→ **Extracted data**
###

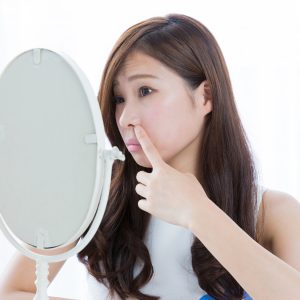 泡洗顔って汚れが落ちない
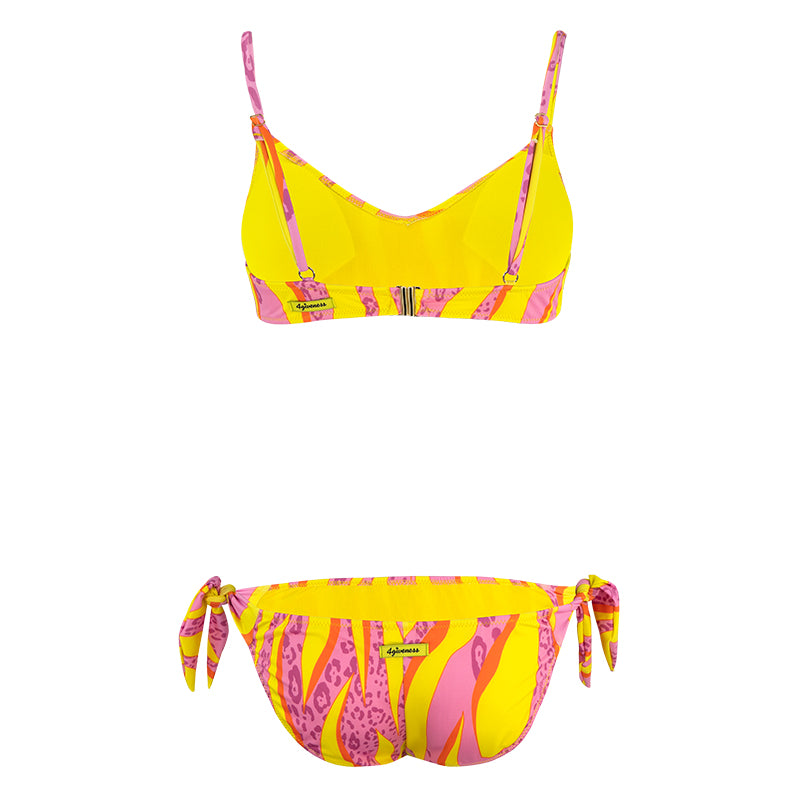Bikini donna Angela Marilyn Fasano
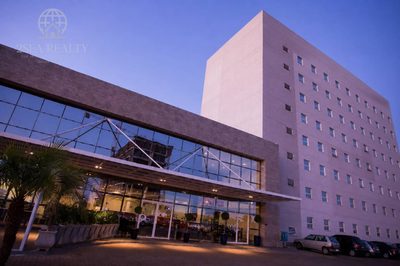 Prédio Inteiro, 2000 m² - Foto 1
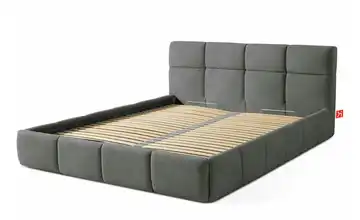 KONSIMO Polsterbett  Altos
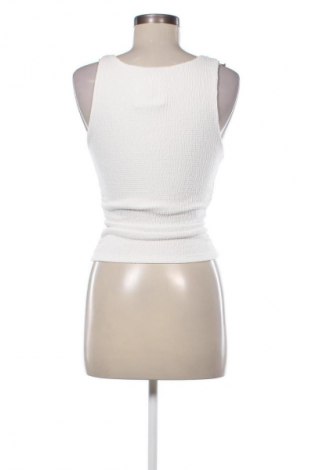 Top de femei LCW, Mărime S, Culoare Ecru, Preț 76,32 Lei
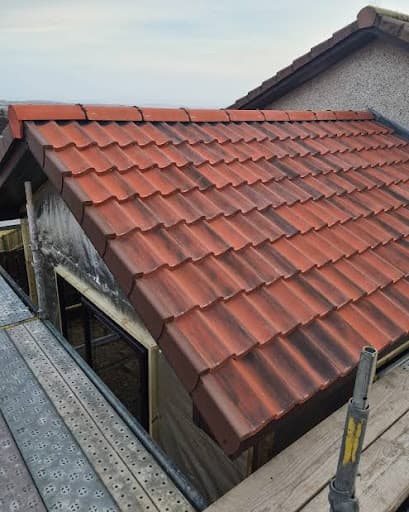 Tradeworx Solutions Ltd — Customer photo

###

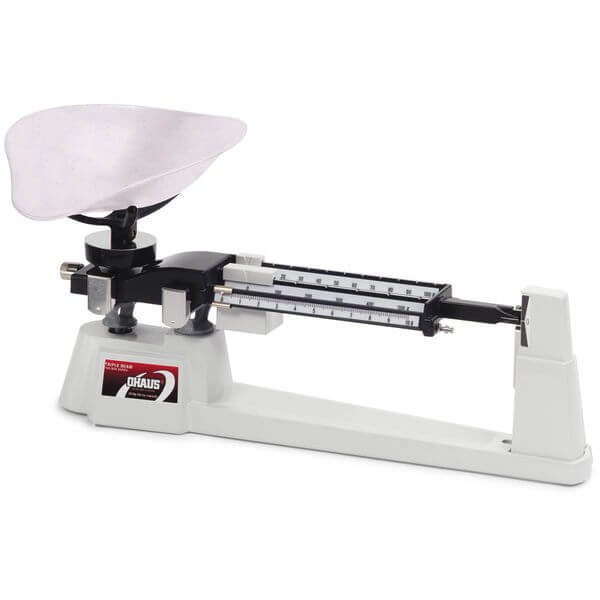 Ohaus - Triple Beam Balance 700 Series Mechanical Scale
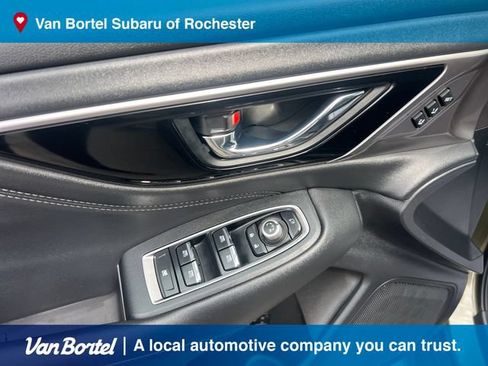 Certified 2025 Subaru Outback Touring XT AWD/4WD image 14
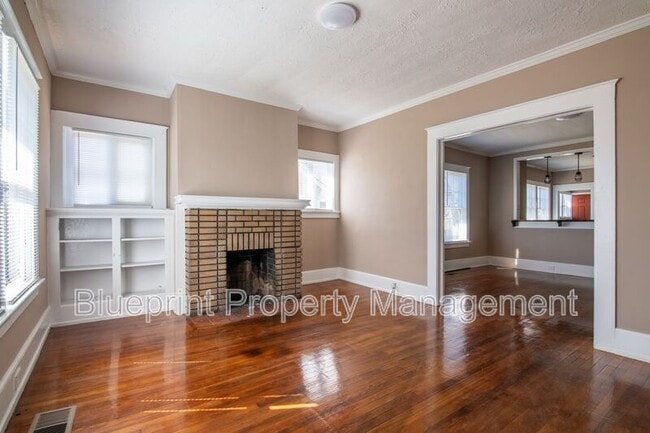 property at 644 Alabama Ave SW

###

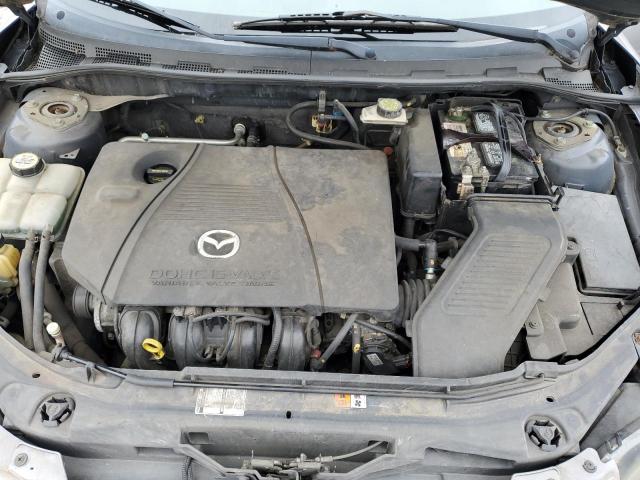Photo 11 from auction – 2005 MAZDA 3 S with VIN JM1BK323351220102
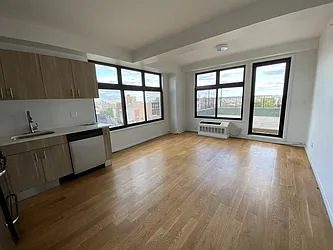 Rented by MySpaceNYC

###

→ **Problem description**
Everything from the line above that contains "Photo 11 from" down to the line that contains "Rented by MySpaceNYC" must be reproduced exactly, both ends included. Omit the pictures.

→ **Answer to this task**
Photo 11 from auction – 2005 MAZDA 3 S with VIN JM1BK323351220102
 Rented by MySpaceNYC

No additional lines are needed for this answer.